After Atlantic coast shakedown and training, Pinon stood out of New York Harbor 24 June 1944 and steamed for Belfast, Northern Ireland, arriving 10 July. Pinon provided net-tending service in both Belfast and Plymouth, England, through the fall.

Departing Plymouth 6 November, she put in at Norfolk, Virginia 21 November through 10 December. She then underwent availability at Curtis Bay, Baltimore, Maryland, 11 December through 25 January 1945.

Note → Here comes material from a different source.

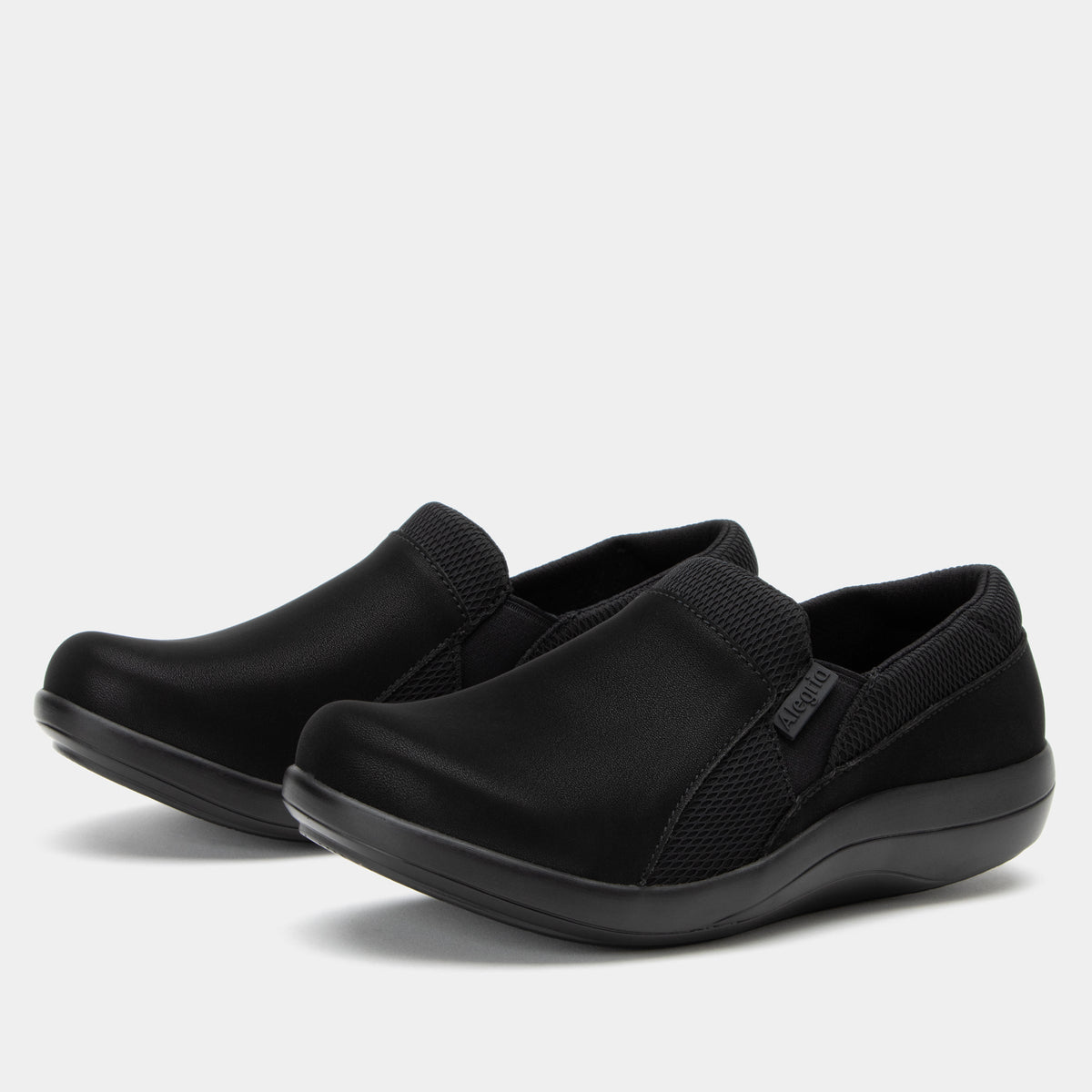 black,36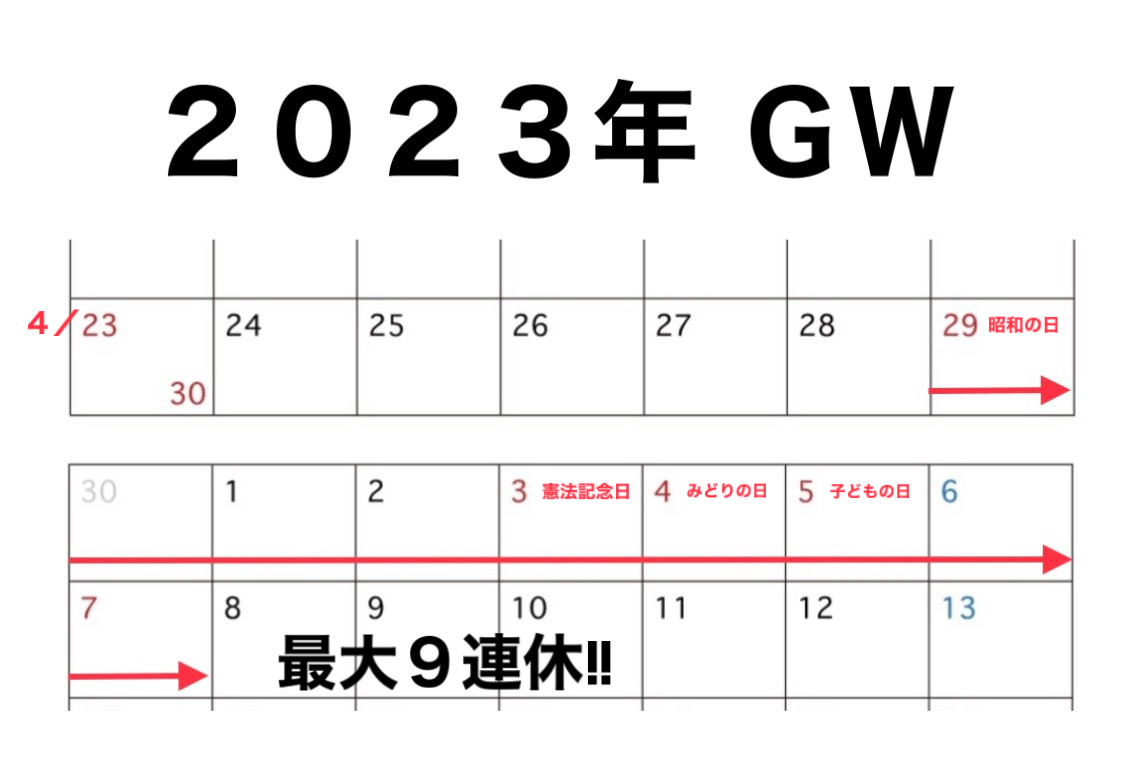 万博記念公園の営業時間と落とし穴！2026年最新の入場ルールを解剖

Pinon called at Hampton Roads, Virginia, 31 January and then cruised via Guantanamo Bay and the Panama Canal, reporting for duty to Commander, Pacific 13 February. After availability at San Diego, California, 19 March, she called at Pearl Harbor and thence tended nets at Eniwetok commencing 22 April, at Guam (27 April through 20 June), at Tinian/Saipan through the first week of July, and at Okinawa until 15 October.

==Post-war inactivation==

Calling at Pearl Harbor 12 December, she pushed on to San Diego, California, arriving two days before Christmas. Pinon decommissioned at San Diego 5 March 1946, and was struck from the Navy List 20 March 1946. Sold and placed in merchant service as Alaska Reefer, she was lost at sea 28 August 1961.